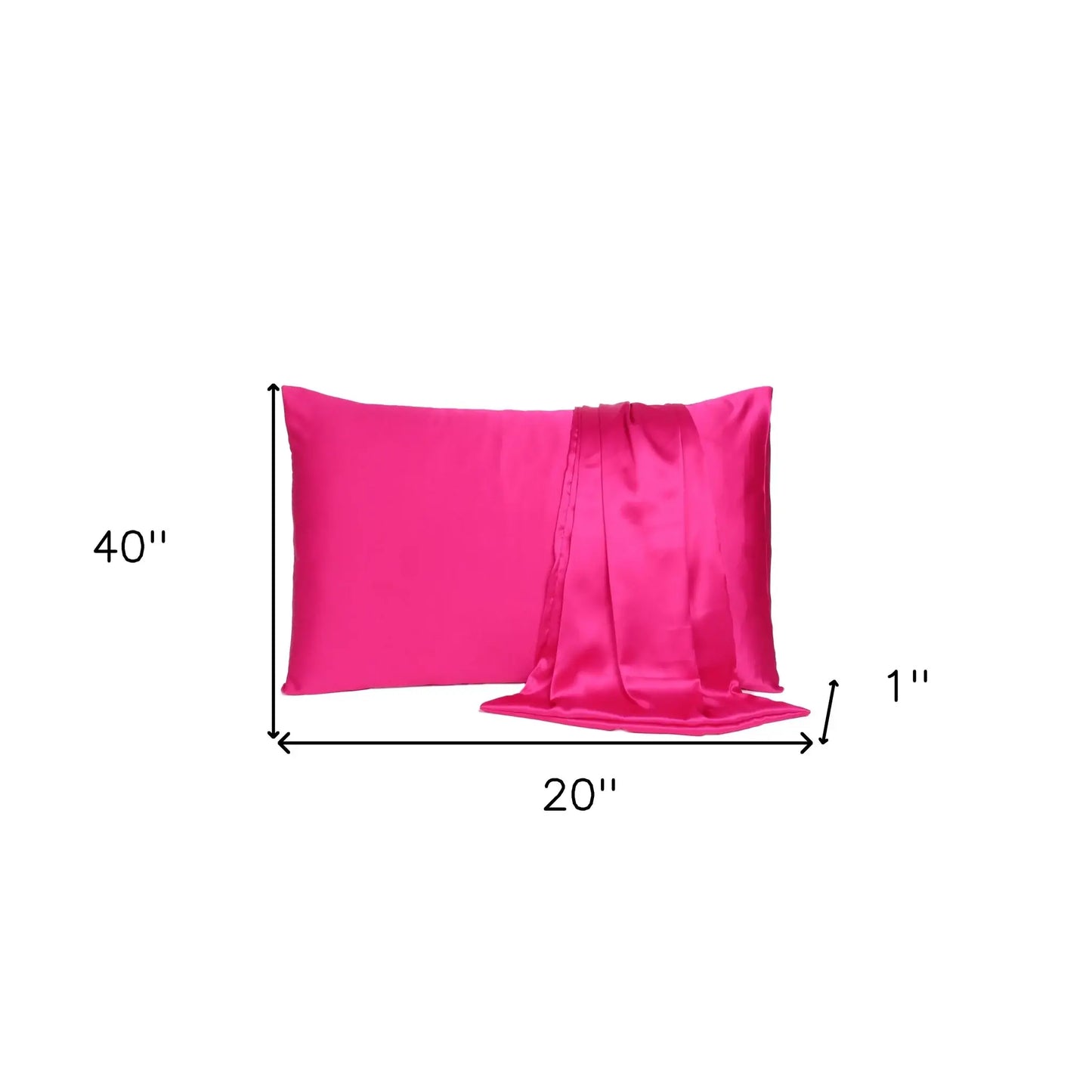 Fuchsia Dreamy Set Of 2 Silky Satin King Pillowcases - Homeroots - Flyclothing LLC
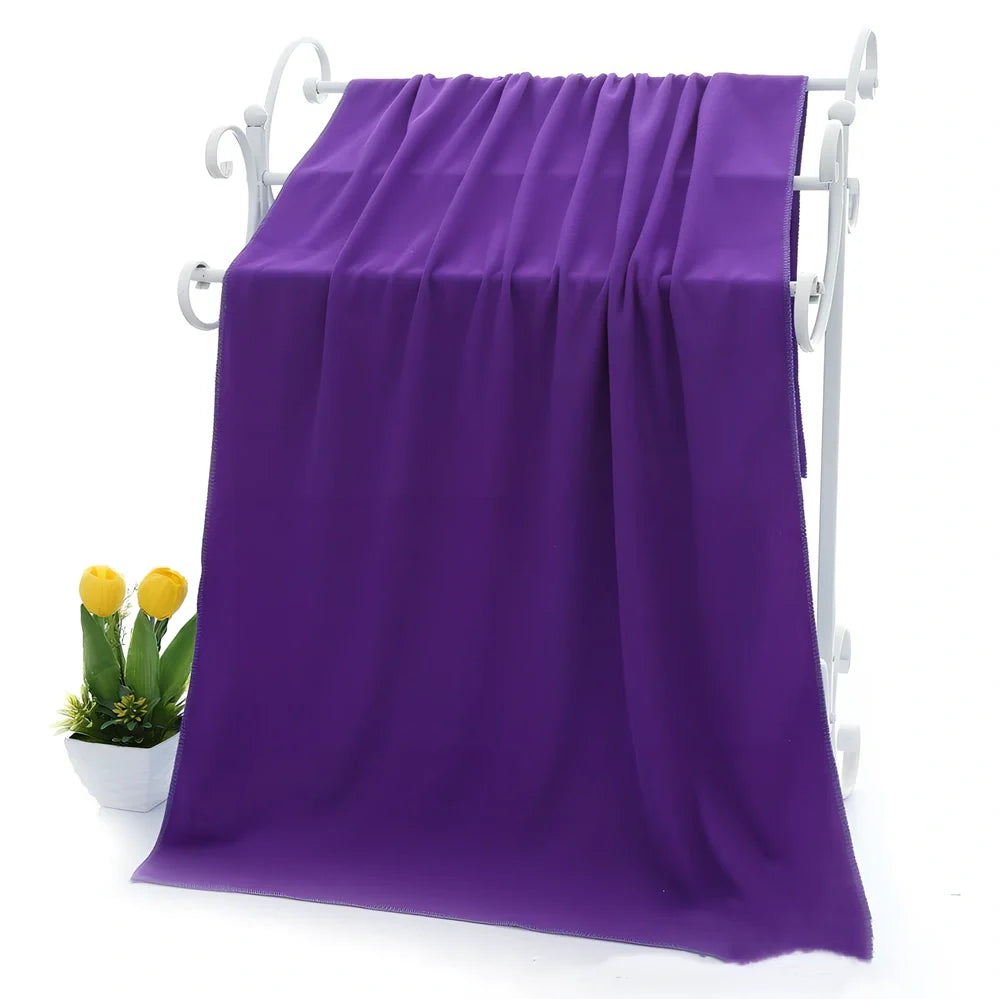 70x140cm microfiber bath towel with weft-knitted superfine fibre construction in multiple colour options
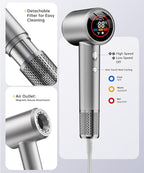 High-Speed Ionic Hair Dryer with Diffuser, 150,000 RPM Brushless Motor Blow Dryer for Fast Drying & 500M Negative Ionic Frizz Control, Low Noise Compact Hair Dryer for Women Home Travel Salon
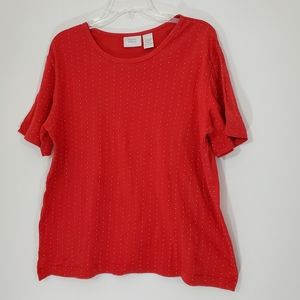 Baxter & Wells Red Polka Dot Top, Size XL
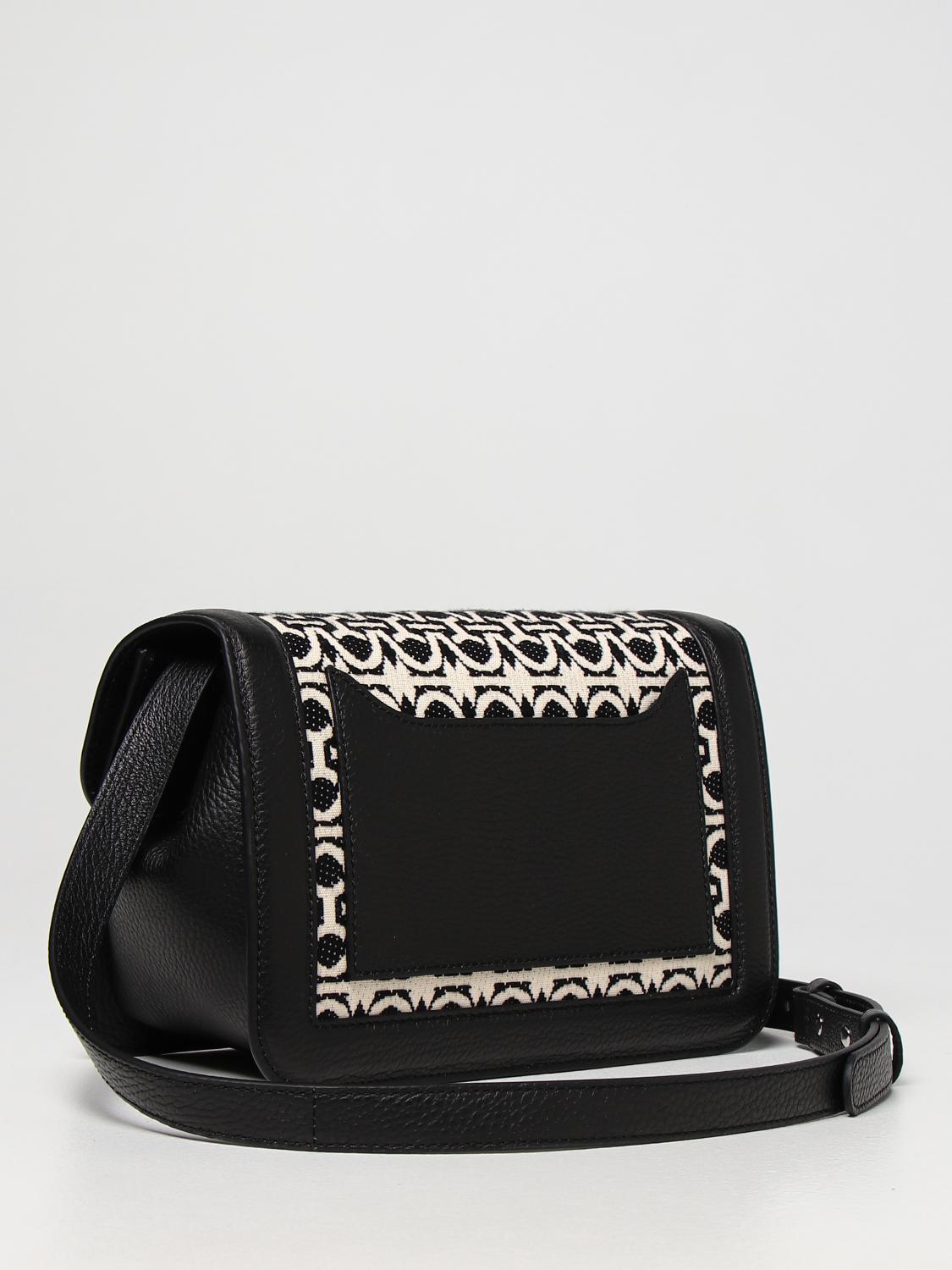 COCCINELLE Twiat bag in grained leather and fabric Crossbody Bags
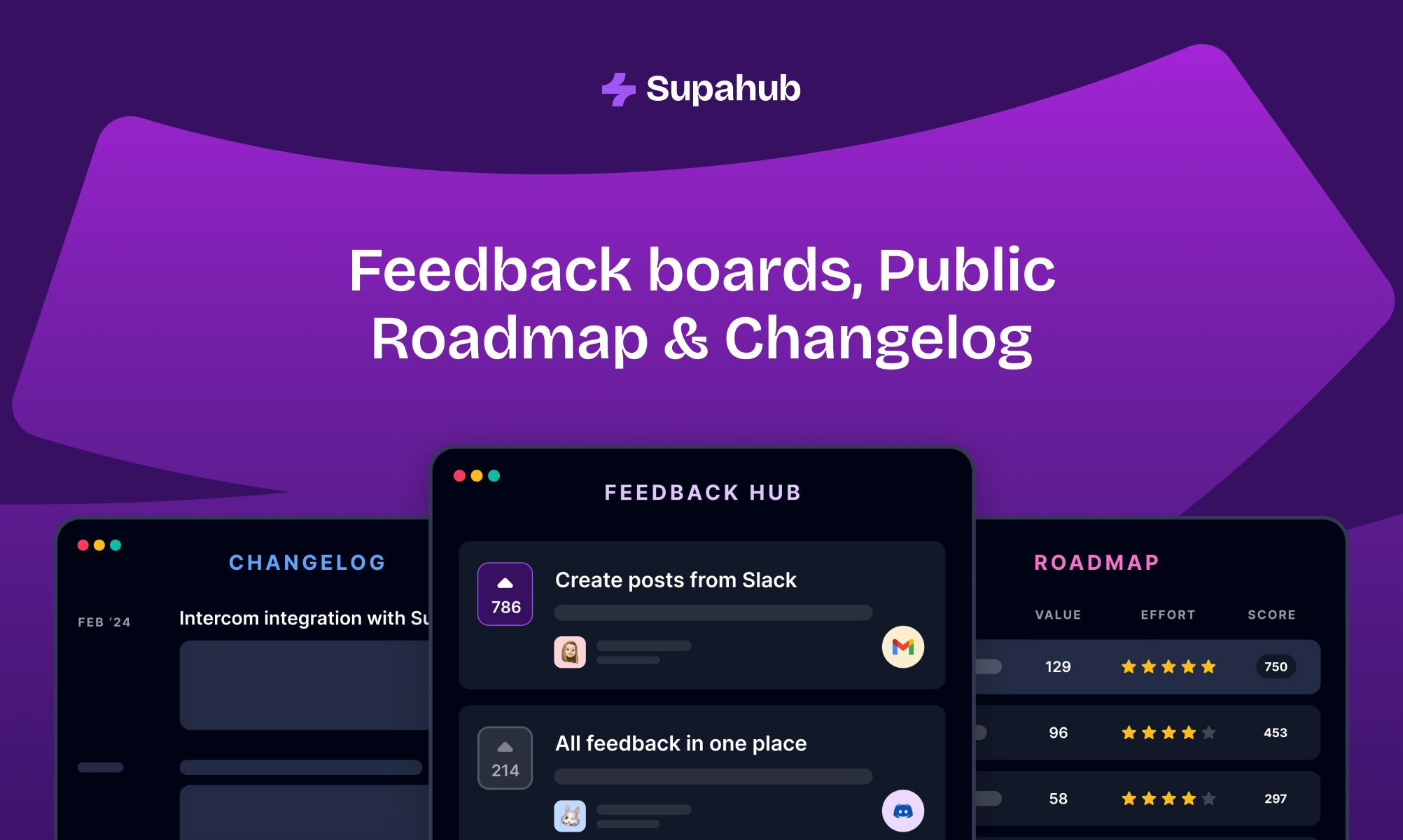 Supahub: Collect feedback, share roadmap & announce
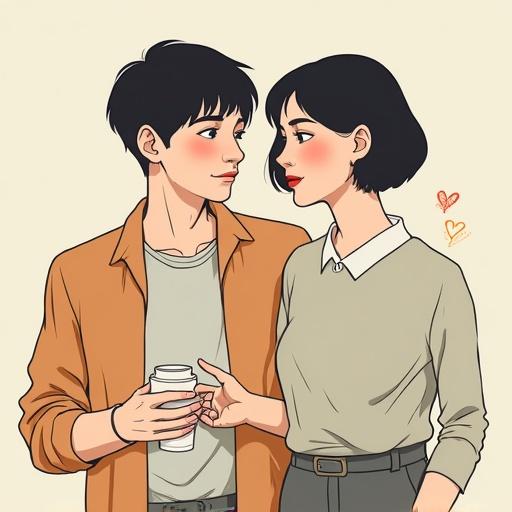 Young couple engaged in a tender moment. A male character holds a cup. Female character reaches out to him. They share a warm and intimate atmosphere. Characters have distinct Korean features, body language shows affection.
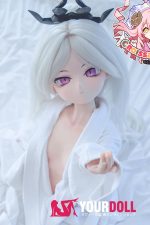 CroissantDoll(羊角社Doll) #B04 141cm 手描きメイク ビニール製のヘッド ホワイト肌 白髪 ちっぱい 同じ服購入可 ラブドール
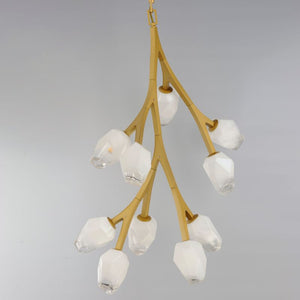 Blossom 19.25' 10 Light Multi-Light Pendant Suspension Pendant in Natural Aged Brass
******
→ Task to carry out
The answer should match the material exactly, with every picture removed.

→ Solved problem
 Fuchsia Dreamy Set Of 2 Silky Satin King Pillowcases - Homeroots - Flyclothing LLC
 70x140cm microfiber bath towel with weft-knitted superfine fibre construction in multiple colour options
 High-Speed Ionic Hair Dryer with Diffuser, 150,000 RPM Brushless Motor Blow Dryer for Fast Drying & 500M Negative Ionic Frizz Control, Low Noise Compact Hair Dryer for Women Home Travel Salon
 Baxter & Wells Red Polka Dot Top, Size XL
 COCCINELLE Twiat bag in grained leather and fabric Crossbody Bags
 Supahub: Collect feedback, share roadmap & announce
 Young couple engaged in a tender moment. A male character holds a cup. Female character reaches out to him. They share a warm and intimate atmosphere. Characters have distinct Korean features, body language shows affection.
 CroissantDoll(羊角社Doll) #B04 141cm 手描きメイク ビニール製のヘッド ホワイト肌 白髪 ちっぱい 同じ服購入可 ラブドール
 Blossom 19.25' 10 Light Multi-Light Pendant Suspension Pendant in Natural Aged Brass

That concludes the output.